Personal information
- Full name: Walter Gwynne Evans
- Date of birth: 1867
- Place of birth: Builth, Wales
- Date of death: 10 May 1897 (Aged 29–30)
- Place of death: Builth, Wales
- Position: Full-back

Youth career
- Builth

Senior career*
- Years: Team / Apps / (Gls)
- 1889–1890: Bootle / 4 / (0)
- 1890–1893: Aston Villa / 61 / (0)
- 1893–1897: Builth

International career
- 1890–1892: Wales / 3 / (0)

= Walter Evans (footballer, born 1867) =

Welsh footballer

Walter Gwynne Evans (1867 – 10 May 1897) was a Welsh footballer who played as a full-back for English clubs, Bootle and Aston Villa in the 1890s. With Villa, he was on the losing side in the 1892 FA Cup Final. He made three appearances for Wales against England, each of which was a defeat.

==Football career==
Evans was born in Builth, Brecknockshire, the son of the local butcher. As a youth, he excelled at many sports including cricket, rugby and soccer. Having started his career with his local club, he moved to England in 1889 when he joined Bootle; Evans made four appearances for Bootle in the 1889–90 Football Alliance season at the end of which Bootle finished as runners-up.

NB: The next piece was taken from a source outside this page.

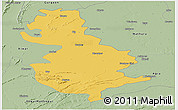 Savanna Style Panoramic Map of Bharatpur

Evans made his international debut while still a Bootle player when he was called up for the British Home Championship match against England played at Wrexham's Racecourse Ground on 15 March 1890. England were scheduled to play two international matches on the same day and fielded their strongest side against Wales with a slightly weaker team going to Belfast to play Ireland; England won both matches, with Edmund Currey scoring twice on his debut and Tinsley Lindley continuing his run of goals in a 3–0 victory over Wales.

In July 1890, Evans joined Aston Villa where he became a regular member of the team. He made a total of 23 appearances in 1891–92 and 28 in the following year helping Villa to reach the FA Cup Final against local rivals, West Bromwich Albion. Despite being favourites going into the game, Villa lost 3–0 with Albion's goals coming from Geddes, Nicholls and Reynolds.

Evans made two further international appearances, both against England, with a 4–1 defeat in March 1891 and a 2–0 defeat a year later. In his 1891 assessment by the Football Association of Wales, Evans was described as "a very good back, tackles unflinchingly and a safe kick; (has) done himself credit".

Evans remained with Villa for a further season before returning to Builth in August 1893. He continued to turn out for Builth until his death in 1897.

===International appearances===
Evans made three appearances for Wales as follows:

| Date | Venue | Opponent | Result | Goals | Competition |
|---|---|---|---|---|---|
| 18 March 1890 | Racecourse Ground, Wrexham | England | 1–3 | 0 | British Home Championship |
| 7 March 1891 | Newcastle Road, Sunderland | England | 1–4 | 0 | British Home Championship |
| 5 March 1892 | Racecourse Ground, Wrexham | England | 0–2 | 0 | British Home Championship |

| Win | Draw | Loss |

==Non-football career==
On returning to Builth, Evans became landlord of the Lamb Inn. This public house became the headquarters and changing rooms of the Builth Football Club.

In May 1897, Evans caught a chill while attending a funeral and died within a few days. His death was described as "a calamity for the Builth club".